Could you check the error in Matlab? Does it look like refinements are on by default?

[briochemc]

Hey there, sorry for the delayed response, but here it is. It seems that you are right, the refinements are off in MATLAB when using linfactor (but they are on when using backslash directly on the matrix).

I used the same data as earlier (loading the same file) and I checked a couple of norms to compare the errors in MATLAB and Julia. First are the results (the code I used is at the end of this post). sol1 = Mf \ x is computed after explicit factorization while sol2 = M \ x is computed directly from the matrix.

• Julia:

  julia> norm(x - M * sol1) / norm(x)
  8.793283052561324e-15
  
  julia> norm(x - M * sol1)
  7.167977657716642e-13
  
  julia> norm(x - M * sol2) / norm(x)
  8.793283052561324e-15
  
  julia> norm(x - M * sol2)
  7.167977657716642e-13

• MATLAB:

  >> norm(x - M * sol1) / norm(x)
     1.7546e-10
  
  >> norm(x - M * sol1)
     1.4303e-08
  
  >> norm(x - M * sol2) / norm(x)
     8.8145e-15
  
  >> norm(x - M * sol2)
     7.1853e-13

(In addition to the absolute error I added the relative one because I think its magnitude is likely more robust, in case you want to compare those from different machines / runs / randomly-created matrices M and vectors x.)

---

Code used:

• Julia:

  using LinearAlgebra, SparseArrays, SuiteSparse, BenchmarkTools, MAT
  M = matread("test_matrix.mat")["M"] ;
  x = matread("test_matrix.mat")["x"] ;
  Mf = factorize(M) ;
  sol1 = Mf \ x ;
  sol2 = M \ x ;
  norm(x)
  norm(x - M * sol1) / norm(x)
  norm(x - M * sol1)
  norm(x - M * sol2) / norm(x)
  norm(x - M * sol2)

• MATLAB:

  load test_matrix.mat M x
  Mf = linfactor(M) ;
  sol1 = linfactor(Mf, x) ;
  sol2 = M \ x ;
  norm(x)
  norm(x - M * sol1) / norm(x)
  norm(x - M * sol1)
  norm(x - M * sol2) / norm(x)
  norm(x - M * sol2)

[briochemc]

@andreasnoack Should I close this issue?
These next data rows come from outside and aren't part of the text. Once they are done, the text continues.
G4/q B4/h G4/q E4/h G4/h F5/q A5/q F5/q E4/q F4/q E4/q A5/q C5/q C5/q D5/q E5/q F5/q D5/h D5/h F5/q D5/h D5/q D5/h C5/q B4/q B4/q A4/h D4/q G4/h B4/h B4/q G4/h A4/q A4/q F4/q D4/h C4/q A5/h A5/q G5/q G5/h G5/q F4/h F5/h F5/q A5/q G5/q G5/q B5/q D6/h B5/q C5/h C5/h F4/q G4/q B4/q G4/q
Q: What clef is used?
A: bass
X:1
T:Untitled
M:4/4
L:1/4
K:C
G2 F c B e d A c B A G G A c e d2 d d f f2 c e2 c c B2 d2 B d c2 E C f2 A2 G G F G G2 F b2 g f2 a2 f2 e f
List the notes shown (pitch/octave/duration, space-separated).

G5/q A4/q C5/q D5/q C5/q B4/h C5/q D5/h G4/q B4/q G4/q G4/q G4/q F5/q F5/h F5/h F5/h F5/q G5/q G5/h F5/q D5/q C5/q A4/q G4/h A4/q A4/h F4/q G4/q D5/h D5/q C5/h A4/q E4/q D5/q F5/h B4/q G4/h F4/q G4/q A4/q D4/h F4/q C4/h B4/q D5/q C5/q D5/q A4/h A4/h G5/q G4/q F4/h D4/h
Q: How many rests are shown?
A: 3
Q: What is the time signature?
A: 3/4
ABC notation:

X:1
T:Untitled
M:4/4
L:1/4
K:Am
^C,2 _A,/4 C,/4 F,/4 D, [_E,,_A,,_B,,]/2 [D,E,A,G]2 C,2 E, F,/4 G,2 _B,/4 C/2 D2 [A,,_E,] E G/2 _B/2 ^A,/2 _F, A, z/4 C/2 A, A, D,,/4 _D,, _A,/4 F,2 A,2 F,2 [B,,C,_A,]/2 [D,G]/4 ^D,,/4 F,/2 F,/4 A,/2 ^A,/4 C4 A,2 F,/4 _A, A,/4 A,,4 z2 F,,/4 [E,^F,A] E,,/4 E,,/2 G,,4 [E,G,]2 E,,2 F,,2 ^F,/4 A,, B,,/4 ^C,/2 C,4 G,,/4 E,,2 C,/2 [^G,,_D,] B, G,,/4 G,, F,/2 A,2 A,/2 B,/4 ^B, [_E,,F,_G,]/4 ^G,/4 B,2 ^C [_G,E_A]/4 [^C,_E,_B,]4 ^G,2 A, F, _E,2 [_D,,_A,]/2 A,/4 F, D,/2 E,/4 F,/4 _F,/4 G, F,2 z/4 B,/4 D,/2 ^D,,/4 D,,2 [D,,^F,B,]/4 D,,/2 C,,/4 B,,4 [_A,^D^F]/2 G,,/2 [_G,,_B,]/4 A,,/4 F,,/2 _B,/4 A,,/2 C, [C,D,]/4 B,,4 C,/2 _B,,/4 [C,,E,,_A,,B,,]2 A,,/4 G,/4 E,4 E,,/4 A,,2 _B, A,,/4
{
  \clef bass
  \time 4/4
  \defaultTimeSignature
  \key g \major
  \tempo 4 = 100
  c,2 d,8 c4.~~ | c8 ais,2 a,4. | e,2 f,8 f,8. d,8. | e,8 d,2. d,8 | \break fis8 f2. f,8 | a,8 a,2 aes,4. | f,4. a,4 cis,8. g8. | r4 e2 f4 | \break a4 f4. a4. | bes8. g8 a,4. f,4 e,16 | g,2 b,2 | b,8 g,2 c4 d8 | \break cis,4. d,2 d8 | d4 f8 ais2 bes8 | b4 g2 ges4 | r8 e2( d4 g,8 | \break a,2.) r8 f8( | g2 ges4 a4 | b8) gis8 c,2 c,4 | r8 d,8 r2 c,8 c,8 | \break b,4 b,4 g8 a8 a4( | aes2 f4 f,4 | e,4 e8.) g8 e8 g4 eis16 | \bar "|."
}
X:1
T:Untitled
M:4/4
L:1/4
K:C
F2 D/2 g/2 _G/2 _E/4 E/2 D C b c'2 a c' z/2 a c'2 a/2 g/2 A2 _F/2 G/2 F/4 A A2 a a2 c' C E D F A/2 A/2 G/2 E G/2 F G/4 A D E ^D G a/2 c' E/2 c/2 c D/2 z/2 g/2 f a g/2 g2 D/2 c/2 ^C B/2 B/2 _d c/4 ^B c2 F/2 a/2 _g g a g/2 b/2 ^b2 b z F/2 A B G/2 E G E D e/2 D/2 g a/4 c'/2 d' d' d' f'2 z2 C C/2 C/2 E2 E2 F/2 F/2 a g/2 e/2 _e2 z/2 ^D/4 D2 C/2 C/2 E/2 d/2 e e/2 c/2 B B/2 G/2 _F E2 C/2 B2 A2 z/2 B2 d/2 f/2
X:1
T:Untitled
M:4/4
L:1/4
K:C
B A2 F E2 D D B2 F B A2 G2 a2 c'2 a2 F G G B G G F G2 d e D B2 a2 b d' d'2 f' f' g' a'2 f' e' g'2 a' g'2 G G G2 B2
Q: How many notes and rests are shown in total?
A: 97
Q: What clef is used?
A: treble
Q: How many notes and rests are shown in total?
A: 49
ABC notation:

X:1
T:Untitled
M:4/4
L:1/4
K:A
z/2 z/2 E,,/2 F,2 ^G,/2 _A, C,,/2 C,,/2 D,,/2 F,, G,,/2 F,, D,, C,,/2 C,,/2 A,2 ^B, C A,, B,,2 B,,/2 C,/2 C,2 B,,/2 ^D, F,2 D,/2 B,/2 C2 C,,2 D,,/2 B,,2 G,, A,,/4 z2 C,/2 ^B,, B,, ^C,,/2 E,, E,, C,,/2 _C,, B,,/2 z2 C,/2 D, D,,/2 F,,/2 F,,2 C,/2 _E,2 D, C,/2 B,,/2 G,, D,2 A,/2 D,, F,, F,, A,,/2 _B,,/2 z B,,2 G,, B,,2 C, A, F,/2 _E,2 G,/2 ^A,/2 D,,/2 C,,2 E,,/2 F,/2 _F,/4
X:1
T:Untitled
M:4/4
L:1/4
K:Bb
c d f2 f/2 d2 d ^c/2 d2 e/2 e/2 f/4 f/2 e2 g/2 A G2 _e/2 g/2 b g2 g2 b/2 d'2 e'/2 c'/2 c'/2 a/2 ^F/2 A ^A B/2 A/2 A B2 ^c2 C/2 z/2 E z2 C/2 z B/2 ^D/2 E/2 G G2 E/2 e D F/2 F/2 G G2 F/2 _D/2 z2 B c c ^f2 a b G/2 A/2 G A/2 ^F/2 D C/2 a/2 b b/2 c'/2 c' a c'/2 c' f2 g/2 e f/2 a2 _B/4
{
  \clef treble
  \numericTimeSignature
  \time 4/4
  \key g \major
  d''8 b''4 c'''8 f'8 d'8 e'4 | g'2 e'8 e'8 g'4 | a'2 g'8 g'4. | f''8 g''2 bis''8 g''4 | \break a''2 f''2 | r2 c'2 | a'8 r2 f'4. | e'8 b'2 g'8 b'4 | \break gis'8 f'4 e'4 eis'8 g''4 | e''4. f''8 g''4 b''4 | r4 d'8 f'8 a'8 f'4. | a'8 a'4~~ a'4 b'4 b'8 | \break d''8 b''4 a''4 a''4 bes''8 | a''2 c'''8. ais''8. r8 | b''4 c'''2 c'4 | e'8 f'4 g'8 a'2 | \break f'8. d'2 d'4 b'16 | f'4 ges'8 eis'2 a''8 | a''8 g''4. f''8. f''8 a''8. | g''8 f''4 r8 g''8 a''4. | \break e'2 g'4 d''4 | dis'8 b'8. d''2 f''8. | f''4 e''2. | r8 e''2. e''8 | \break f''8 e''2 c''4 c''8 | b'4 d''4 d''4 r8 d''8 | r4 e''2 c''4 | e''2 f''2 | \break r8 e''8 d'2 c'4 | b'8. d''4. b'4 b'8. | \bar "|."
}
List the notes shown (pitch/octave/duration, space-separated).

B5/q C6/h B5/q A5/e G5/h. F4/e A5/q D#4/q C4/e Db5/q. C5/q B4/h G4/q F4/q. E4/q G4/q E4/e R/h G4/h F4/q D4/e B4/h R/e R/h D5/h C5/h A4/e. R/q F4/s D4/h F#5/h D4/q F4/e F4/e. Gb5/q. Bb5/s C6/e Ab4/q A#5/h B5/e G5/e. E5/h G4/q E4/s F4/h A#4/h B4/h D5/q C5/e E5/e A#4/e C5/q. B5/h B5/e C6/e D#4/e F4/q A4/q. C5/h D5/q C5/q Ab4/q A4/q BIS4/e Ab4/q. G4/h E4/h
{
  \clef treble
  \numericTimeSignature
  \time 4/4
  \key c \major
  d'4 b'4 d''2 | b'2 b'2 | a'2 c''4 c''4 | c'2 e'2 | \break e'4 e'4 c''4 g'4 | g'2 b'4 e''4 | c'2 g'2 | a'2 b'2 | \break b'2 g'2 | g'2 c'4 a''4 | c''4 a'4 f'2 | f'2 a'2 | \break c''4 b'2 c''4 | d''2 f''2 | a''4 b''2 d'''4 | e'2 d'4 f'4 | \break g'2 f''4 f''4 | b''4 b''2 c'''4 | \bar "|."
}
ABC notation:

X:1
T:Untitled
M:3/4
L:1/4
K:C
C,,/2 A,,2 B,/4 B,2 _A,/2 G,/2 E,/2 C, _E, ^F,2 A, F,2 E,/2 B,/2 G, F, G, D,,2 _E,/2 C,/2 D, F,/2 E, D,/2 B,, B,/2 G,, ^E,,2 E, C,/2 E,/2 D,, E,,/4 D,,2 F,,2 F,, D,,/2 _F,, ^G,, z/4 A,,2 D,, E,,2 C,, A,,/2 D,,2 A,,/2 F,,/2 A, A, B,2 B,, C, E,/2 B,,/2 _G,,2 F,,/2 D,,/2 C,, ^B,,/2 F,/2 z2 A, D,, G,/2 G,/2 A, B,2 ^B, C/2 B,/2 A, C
Or do you want it to remain open as a reminder in case you want to eventually "expose this option [to turn the iterative refinements on or off] in a more convenient way"?

[andreasnoack]

I think we should keep this one open until we have made a decision about the iterative refinements.

[ViralBShah]

I think iterative refinement should not be the default and should be opt-in.

[ViralBShah]

@SobhanMP In your workspace sizing code, I noticed the comment that it could be smaller if iterative refinement is off. Would it be a huge gain?

We do want to turn off iterative refinement by default, but have a way to turn it on optionally.

[SobhanMP]

@ViralBShah

yeah, 5 times the memory for float64 matrices so i'd say huge?

[ViralBShah]

That's huge. Would love to get those savings!

[SobhanMP]

do you know why UMFPACK_IRSTEP isn't exported by the wrapper?

[ViralBShah]

#181 disables iterative refinement. Would be nice if folks can confirm performance improvement.